In studies of actual distribution of money, to verify the notion, there is a difficulty of different currencies and purchasing power, in cross border comparison.

Studies were therefore made of the distribution of income in the US, UK, Australia, EU countries, Romania and others — the results are that the distribution of the number of persons in increasing income ranges, in most cases, over a group of 97 per cent of the population, is exactly like energy in the case of a gas.

For the comparison between countries, the differences in currency and purchasing power were not accounted for by taking the energy consumption per capita to represent physical living standards.

The studies used data of the World Resources Institute, of 130 countries from 1990 to 2005 and from the US Energy Information Administration, which covers 220 countries over 1980 to 2010.

In using energy consumption as a measure, the world-wide energy resources were considered as redistributable and as constant, as also the population of countries, at least for a time.

The proposition again, is that the proportion of persons with higher energy consumption should fall, as the level of energy consumed is raised, in the same way as the distribution of the molecules of a gas.

The data is found to strongly support the proposition and the current data shows a progression from highly unequal distribution in 1980 to more uniform, and closer to theory, distribution in 2010 — a feature which the authors of the paper attribute to globalisation of the world economy. The distribution in 2010 is shown in figure 1, which plots the falling numbers of people who consume increasing levels of energy in the 220 countries studied.

The average energy consumption in the main countries of the world is also indicated. A revealing representation of the data is with the help of the so-called Lorenz curve (figure 2), which plots the fraction of energy consumption against fraction of the population at that level of consumption.

The curves for different years, 1980, 1990, 2000 and 2010 have been shown. A case where the numbers of consumers increase uniformly as we consider larger fractions of energy would be complete equality and this is the straight, diagonal line in the graph.

The other lines — the curves — indicate actual conditions, from 1990 to 2010, with the deviation from the ideal reducing every decade.

How far the Lorenz curve deviates from the ideal, diagonal, straight line indicates the level of inequity and is measured by a metric called the Gini coefficient — abbreviated as G — of the Lorenz curve.

One can see that G=0 is the diagonal itself, where everything is equal, and the opposite is G=1. The figure shows that the G value has been falling from 0.66 to 0.55, approaching the value of G=0.5, which is the equilibrium state of natural distribution, with large numbers of interactions and transactions, as in a volume of gas.

The fall from 0.66 to 0.55 indicates reducing inequality and is attributed to the globalisation of the economy in recent decades.

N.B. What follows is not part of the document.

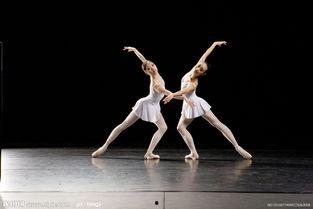 成人跳舞怎么锻炼好视频,跟随成人跳舞视频高效塑形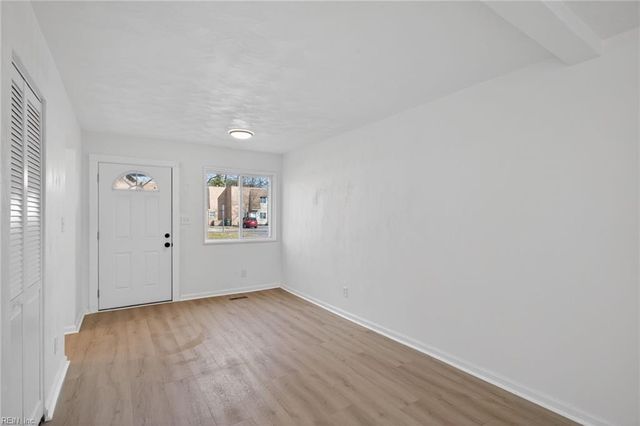 6447 Wellington ST, Norfolk, VA 23513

The authors drew a parallel with temperature inequality and the tendency of nature to equalise temperature, which amounts to the dismantling of an element of “order” being the driving force in physical systems.

This can also be stated as the tendency to maximise disorder, and another word for the level of disorder is entropy.

The authors note that developed countries now have ageing populations and reducing consumption, including of energy, and stagnating growth.

But developing countries, China particularly, have become rising consumers of energy, per capita. And even this growth is slowing down and there is talk of an “economic ice age”, the paper noted.

While different causes have been suggested, the authors propose that the slowdown appears to be intrinsic and, in terms of thermodynamics, arises from falling inequality and increasing entropy.

On a brighter note, they ask if economic slowdown may bring in reduced carbon emissions and slow down climate change.

The progression from 1980 to 2010, however, only shows changes in distribution, not control of emissions.

While the parallel with thermodynamics helps with insight into the mechanisms at work, population control and using renewable energy sources may allow growth and economic activity without affecting the environment.